For Bailey, “‘A Star is Born’ is an absolutely beautiful film, it’s really emotional and works on a gut level. Bradley and Lady Gaga are obviously great, but there are a number of terrific supporting performances as well.”
Suddenly, this year Telluride has become the Cannes of the fall film festivals. While many distributors once clamored to get in, now some are afraid to subject their films to harsh media scrutiny through the Oscar prism. That’s too bad; some of the more idiosyncratic and weird art titles, I hear, won’t show there for this reason. So far, Focus Features seems to be holding back Joel Edgerton’s conversion drama “Boy Erased,” starring Lucas Hedges and Nicole Kidman, as well as two December releases, “Mary, Queen of Scots” starring Saorise Ronan and Margot Robbie, and Mimi Leder’s “On the Basis of Sex,” starring Felicity Jones, from the fall fray.

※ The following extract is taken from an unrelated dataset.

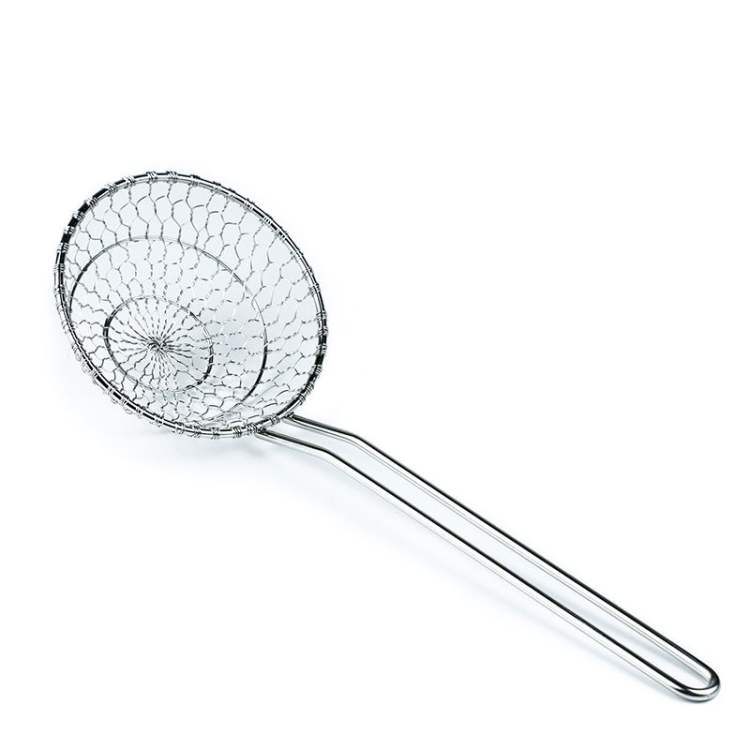 304 Stainless Steel Wire Mesh Fishing Practical Colander Durable Fried Cooking Fishing Fence
304 Stainless Steel Wire Mesh Fishing Practical Colander Durable Fried Cooking Fishing Fence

All of which is to the benefit of Venice and Toronto, both of which are bigger, broader, and more diverse in their programming. At Telluride, attendees expect all movies to meet a very high standard.
Fox, meanwhile, is hoping that Toronto will elevate “Widows,” Steve McQueen’s drug-world thriller starring Viola Davis, and “The Hate U Give,” George Tillman, Jr.’s heart-tugging inner-city teen drama. Tillman previewed footage at CinemaCon and Fox is already screening it, confident that they have the goods. Adapted from Angie Thomas’ book, the movie stars Russell Hornby and Common as two fathers dealing with the untimely death of an 18-year-old boy shot by police. Discovery Amandla Stenberg stars as Star Carter, a young woman with two personas, one for her neighborhood and another for her mostly white private high school. Anthony Mackie and Issa Rae costar.
Sony offers TIFF a pickup from Toronto homeboy Jason Reitman, “The Front Runner,” the true story of Senator Gary Hart’s abortive run for the presidency, starring Hugh Jackman; that should also play Telluride, which debuted “Juno” and “Up in the Air.” And Yann DeMange, whose “’71” played Telluride, is expected back with his long-awaited follow-up, “White Boy Rick,” a father-son true story starring Matthew McConaughey and newcomer Richie Merritt which bears some resemblance to “The Fighter.”
While these are the likeliest of the Oscar possibles in the festival lineups so far, there’s much more to come, and always, a few surprises we weren’t expecting will slip through.